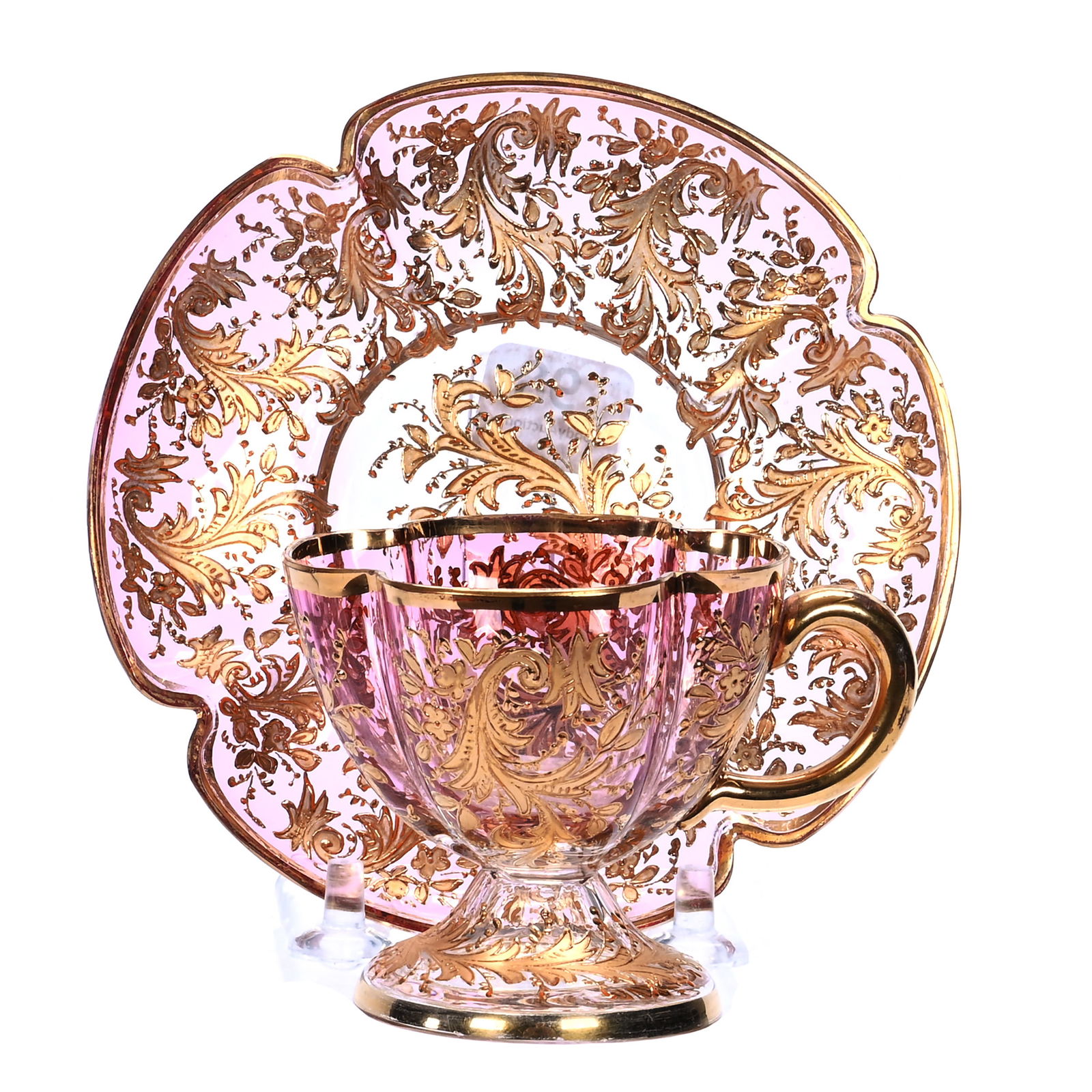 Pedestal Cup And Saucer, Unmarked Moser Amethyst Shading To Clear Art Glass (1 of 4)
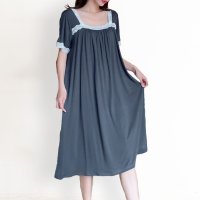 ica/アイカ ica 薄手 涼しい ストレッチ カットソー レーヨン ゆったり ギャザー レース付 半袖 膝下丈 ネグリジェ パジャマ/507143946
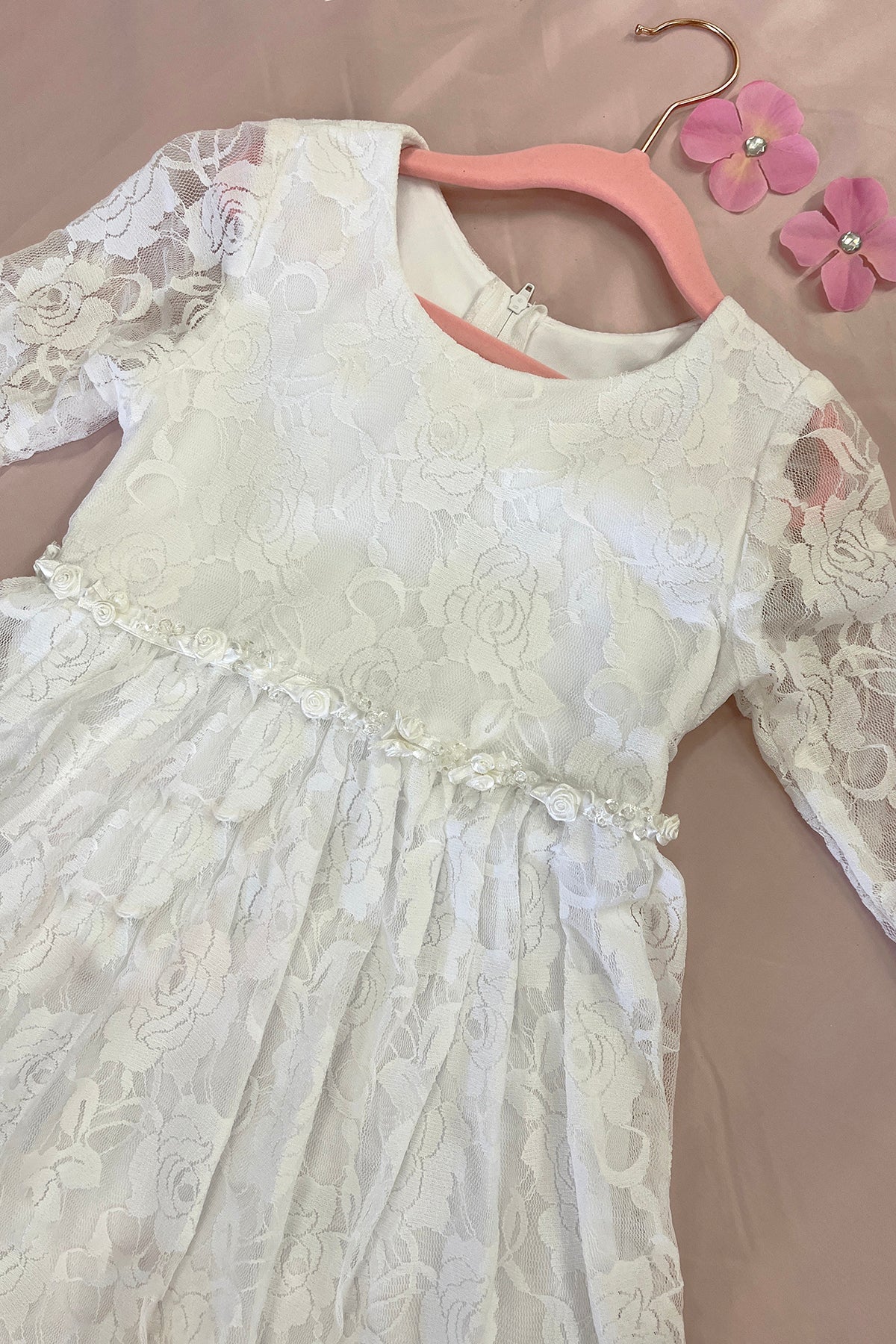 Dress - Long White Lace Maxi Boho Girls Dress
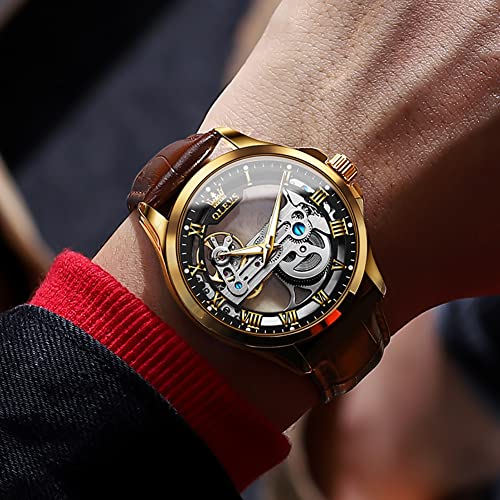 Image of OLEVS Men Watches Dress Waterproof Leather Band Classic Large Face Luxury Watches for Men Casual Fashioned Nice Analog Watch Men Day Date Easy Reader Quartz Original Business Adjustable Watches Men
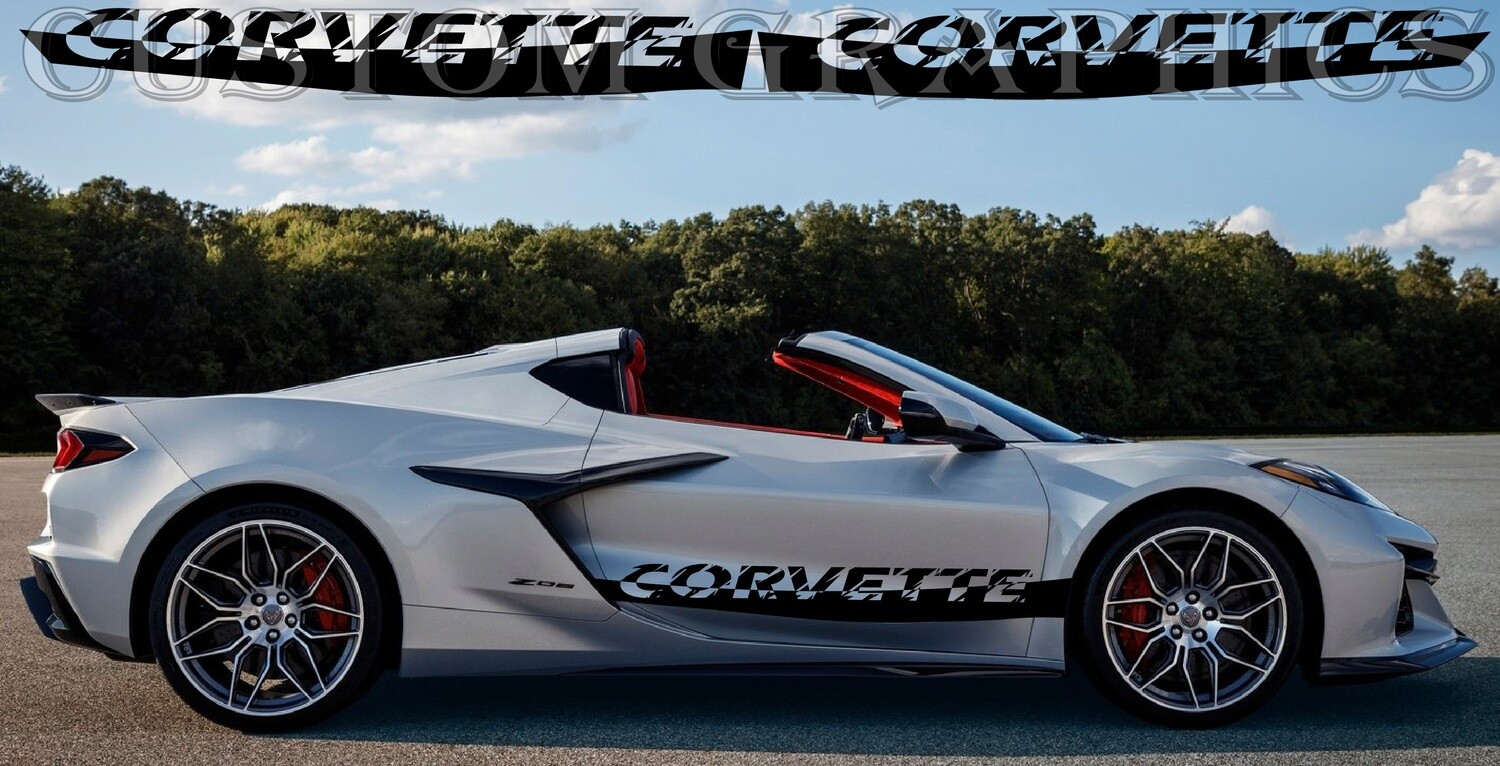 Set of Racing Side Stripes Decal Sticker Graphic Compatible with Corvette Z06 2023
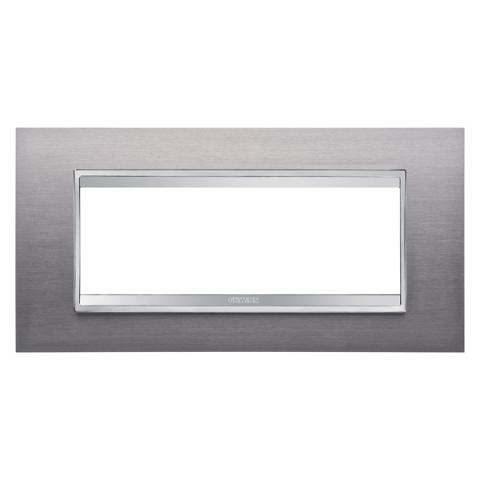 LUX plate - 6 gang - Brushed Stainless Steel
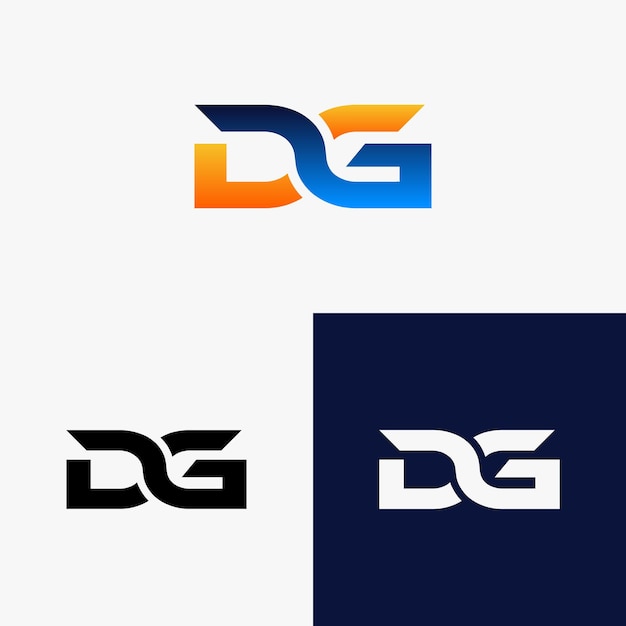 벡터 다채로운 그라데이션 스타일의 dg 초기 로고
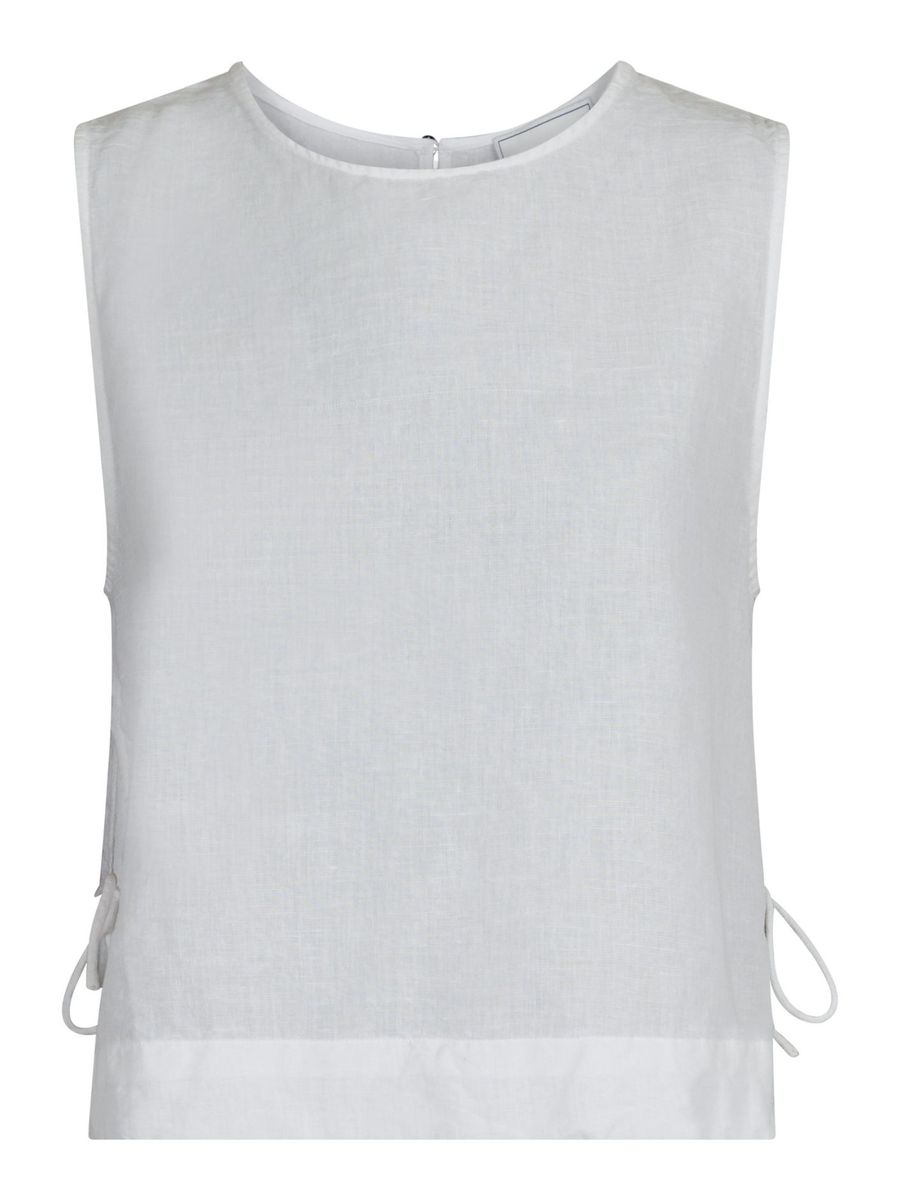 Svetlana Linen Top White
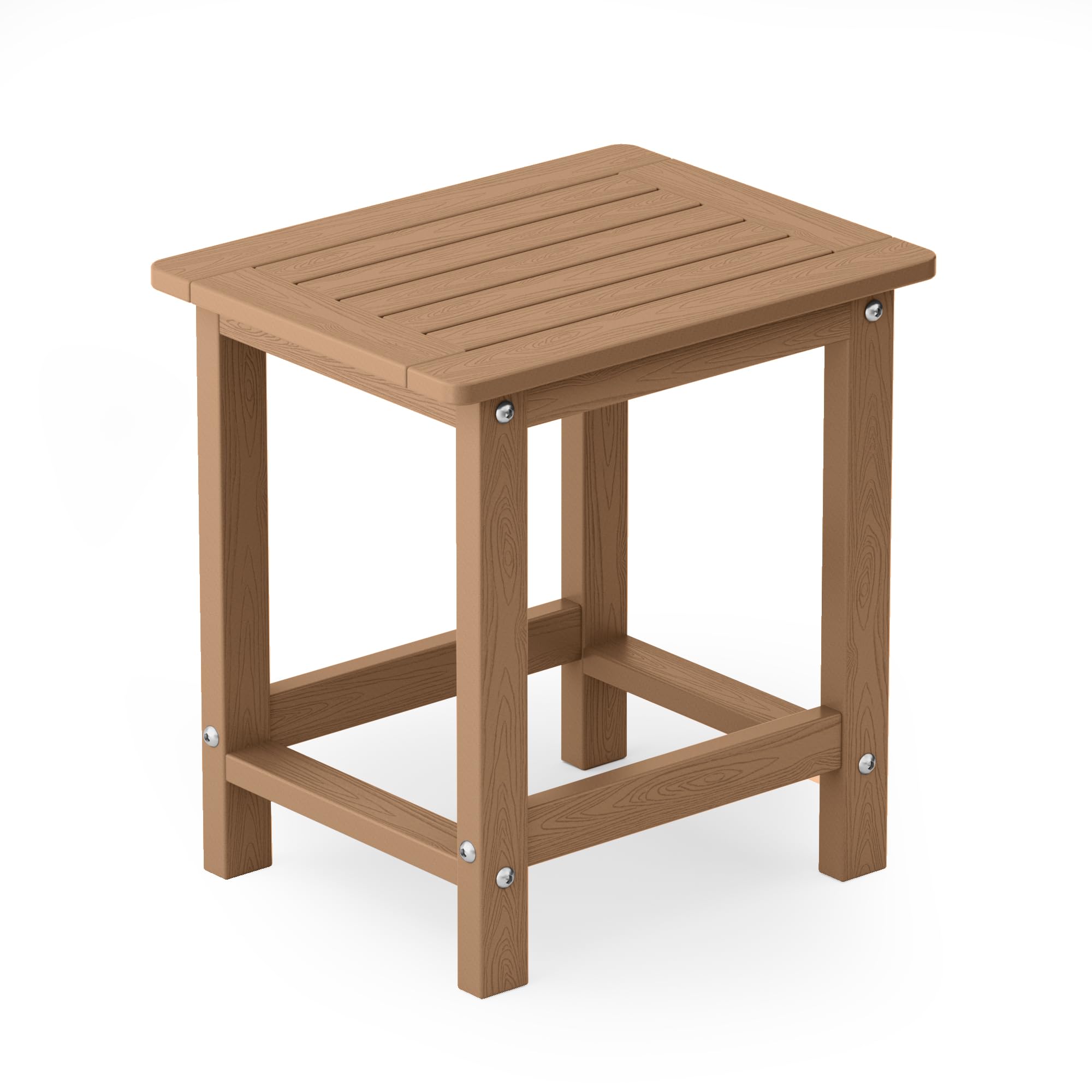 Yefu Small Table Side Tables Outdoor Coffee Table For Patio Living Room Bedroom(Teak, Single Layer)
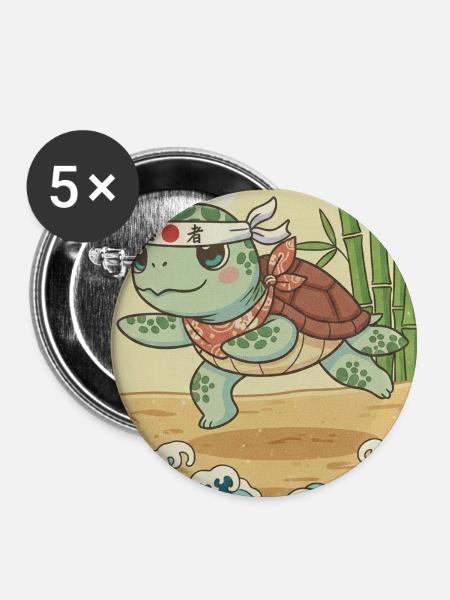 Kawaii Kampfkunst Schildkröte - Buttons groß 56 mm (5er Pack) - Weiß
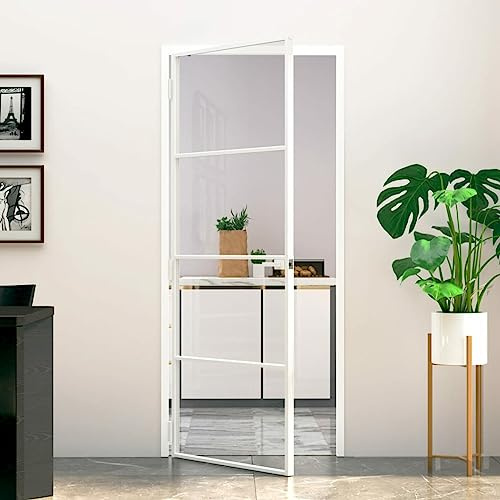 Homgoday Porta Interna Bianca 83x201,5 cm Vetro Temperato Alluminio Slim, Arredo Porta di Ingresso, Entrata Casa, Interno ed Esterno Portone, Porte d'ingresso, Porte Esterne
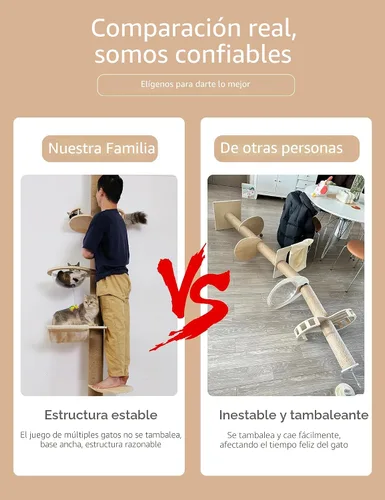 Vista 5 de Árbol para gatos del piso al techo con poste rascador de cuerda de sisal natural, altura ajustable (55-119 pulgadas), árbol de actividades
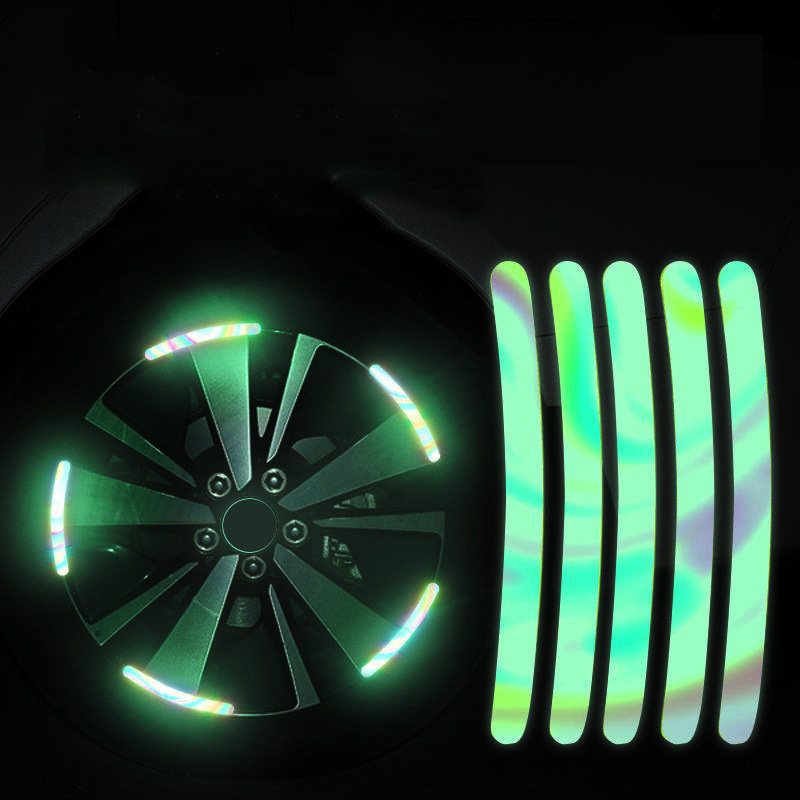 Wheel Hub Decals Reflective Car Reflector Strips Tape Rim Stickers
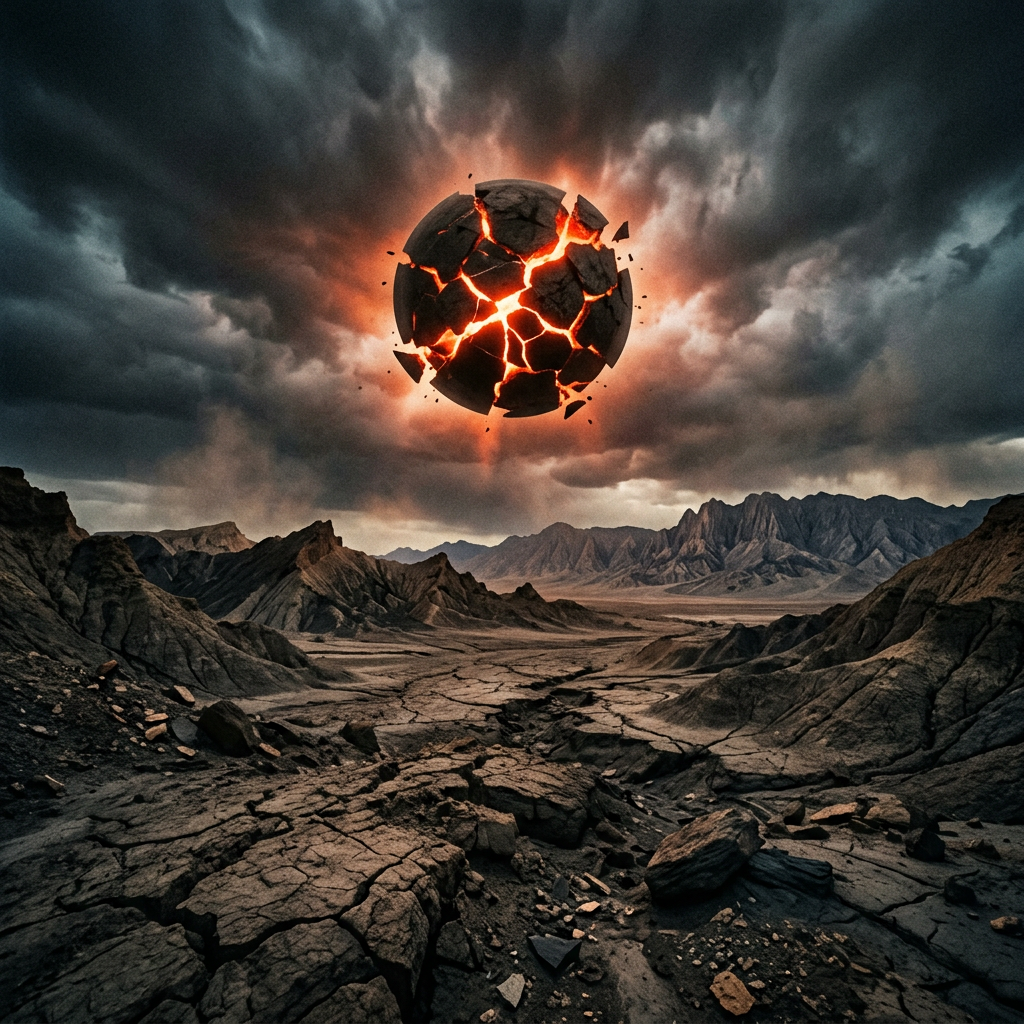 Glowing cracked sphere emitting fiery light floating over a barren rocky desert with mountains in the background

→ **WHAT THE EXERCISE ASKS**
Give back exactly the run of lines that opens the material above and ends at the line with "Dress - Long". Omit the pictures.

→ **REPLY**
 Pedestal Cup And Saucer, Unmarked Moser Amethyst Shading To Clear Art Glass (1 of 4)
 ica/アイカ ica 薄手 涼しい ストレッチ カットソー レーヨン ゆったり ギャザー レース付 半袖 膝下丈 ネグリジェ パジャマ/507143946
 Dress - Long White Lace Maxi Boho Girls Dress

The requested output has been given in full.